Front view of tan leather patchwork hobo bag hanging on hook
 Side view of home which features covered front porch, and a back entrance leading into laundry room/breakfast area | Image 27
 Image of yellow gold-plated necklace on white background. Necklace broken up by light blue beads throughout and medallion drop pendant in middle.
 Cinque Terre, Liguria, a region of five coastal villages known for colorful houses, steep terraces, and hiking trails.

PROBLEM TO WORK ON - The expected response is the material above given again line by line, from its first line to the line holding "Image of yellow", inclusive.

TASK ANSWER -
Front view of tan leather patchwork hobo bag hanging on hook
 Side view of home which features covered front porch, and a back entrance leading into laundry room/breakfast area | Image 27
 Image of yellow gold-plated necklace on white background. Necklace broken up by light blue beads throughout and medallion drop pendant in middle.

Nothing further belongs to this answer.